Conheça o que pensam alguns dos participantes do evento.

Semy Ferraz*

A maior dificuldade na relação entre o Parlamento e a população é a participação popular. É o grande desafio da democracia participativa. É as pessoas acreditarem que podem ser agentes do processo, que podem fazer a mudança. O governo tem sua lógica, seus indicadores. E não presta a atenção necessária para saber até que ponto a população está sendo atingida por aquele beneficio.

No processo de privatização dos serviços públicos, há reajuste excessivo das tarifas públicas, da energia, da telefonia.

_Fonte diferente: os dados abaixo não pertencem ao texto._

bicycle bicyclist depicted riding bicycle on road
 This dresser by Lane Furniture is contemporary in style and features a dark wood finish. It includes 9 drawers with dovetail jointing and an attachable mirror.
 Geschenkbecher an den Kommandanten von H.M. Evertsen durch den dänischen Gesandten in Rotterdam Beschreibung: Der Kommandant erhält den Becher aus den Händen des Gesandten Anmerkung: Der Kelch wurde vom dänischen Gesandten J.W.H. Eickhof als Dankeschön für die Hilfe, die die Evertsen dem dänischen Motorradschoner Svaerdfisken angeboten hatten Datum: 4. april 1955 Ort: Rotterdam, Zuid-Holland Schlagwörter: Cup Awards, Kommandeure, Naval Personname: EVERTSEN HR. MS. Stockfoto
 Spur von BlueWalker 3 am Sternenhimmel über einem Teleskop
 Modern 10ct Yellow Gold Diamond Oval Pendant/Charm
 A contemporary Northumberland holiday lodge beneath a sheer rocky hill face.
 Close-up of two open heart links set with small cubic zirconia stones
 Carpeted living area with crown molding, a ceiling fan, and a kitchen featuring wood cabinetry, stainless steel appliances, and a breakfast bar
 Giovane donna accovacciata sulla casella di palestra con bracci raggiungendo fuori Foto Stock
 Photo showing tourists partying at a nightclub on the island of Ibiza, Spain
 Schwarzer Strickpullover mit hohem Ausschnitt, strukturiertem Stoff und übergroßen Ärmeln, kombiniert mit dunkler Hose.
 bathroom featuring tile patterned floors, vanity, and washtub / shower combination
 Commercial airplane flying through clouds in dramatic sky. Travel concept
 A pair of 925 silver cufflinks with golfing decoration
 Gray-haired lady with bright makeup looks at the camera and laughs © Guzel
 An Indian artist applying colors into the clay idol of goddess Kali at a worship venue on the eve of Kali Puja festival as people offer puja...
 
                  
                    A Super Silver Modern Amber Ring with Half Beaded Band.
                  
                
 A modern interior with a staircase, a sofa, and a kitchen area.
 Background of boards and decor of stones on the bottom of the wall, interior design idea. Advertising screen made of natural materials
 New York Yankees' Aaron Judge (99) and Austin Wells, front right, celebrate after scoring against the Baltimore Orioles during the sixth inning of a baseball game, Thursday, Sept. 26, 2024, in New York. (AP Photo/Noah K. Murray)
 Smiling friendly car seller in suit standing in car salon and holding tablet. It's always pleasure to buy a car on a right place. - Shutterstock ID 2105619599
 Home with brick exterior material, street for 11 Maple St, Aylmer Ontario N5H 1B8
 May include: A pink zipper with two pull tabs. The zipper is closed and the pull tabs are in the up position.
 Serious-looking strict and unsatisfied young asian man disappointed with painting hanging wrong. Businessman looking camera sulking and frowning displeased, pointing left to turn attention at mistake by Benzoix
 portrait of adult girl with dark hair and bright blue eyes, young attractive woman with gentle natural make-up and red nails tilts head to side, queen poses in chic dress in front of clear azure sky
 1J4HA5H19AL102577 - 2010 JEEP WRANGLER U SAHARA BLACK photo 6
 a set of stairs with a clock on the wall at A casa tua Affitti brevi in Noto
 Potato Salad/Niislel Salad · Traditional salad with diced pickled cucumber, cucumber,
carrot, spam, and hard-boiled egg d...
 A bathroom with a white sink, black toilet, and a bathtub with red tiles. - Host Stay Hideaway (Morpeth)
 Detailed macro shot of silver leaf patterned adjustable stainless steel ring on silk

E a própria democracia representativa, o Parlamento cria as agências reguladoras, que se resume a uma burocracia pra dizer se isso pode ou aquilo não pode. Acho que atende apenas os interesses de quem está investindo naqueles serviços e não de quem está consumindo aqueles serviços, que é a maioria da população. O Parlamento precisa entrar nesse debate.

Na AL, mesmo sabendo da dificuldade de se discutir um reajuste de uma concessão federal, é preciso chamar a população para discutir, para pelo menos debater esse assunto. Estamos vivendo isso, chamando audiências públicas, chamando o conselho de consumidores de energia. Por ex. no Mato Grosso do Sul, quem preside esse conselho é o maior consumidor de energia, que é a empresa de saneamento. Ou seja, o grande consumidor está representado. O pequeno consumidor, não tem representação. O conselho, portanto, vai referendar uma política de tarifas mais altas, sem regulação econômica.

Na medida em que se começa a chamar a população e suas representações, o Procon, a associação de consumidores, começa-se a ver resultados, a cobrar, explicitar o lucro excessivo, os esquemas de corrupção que existe.

Nesse sentido, o Parlamento não se omite.

Credibilidade do Poder Judiciário – No MS e no restante do país, o poder legislativo está em baixa. Vive uma crise de representatividade, apesar de ser eleito por voto direto. As pessoas não estão confiando na credibilidade do poder legislativo. Na medida em que é o poder que dá sustentação à democracia, fica fácil, fica vulnerável a qualquer atitude ditatorial, ou seja, a algo que não seja a democracia.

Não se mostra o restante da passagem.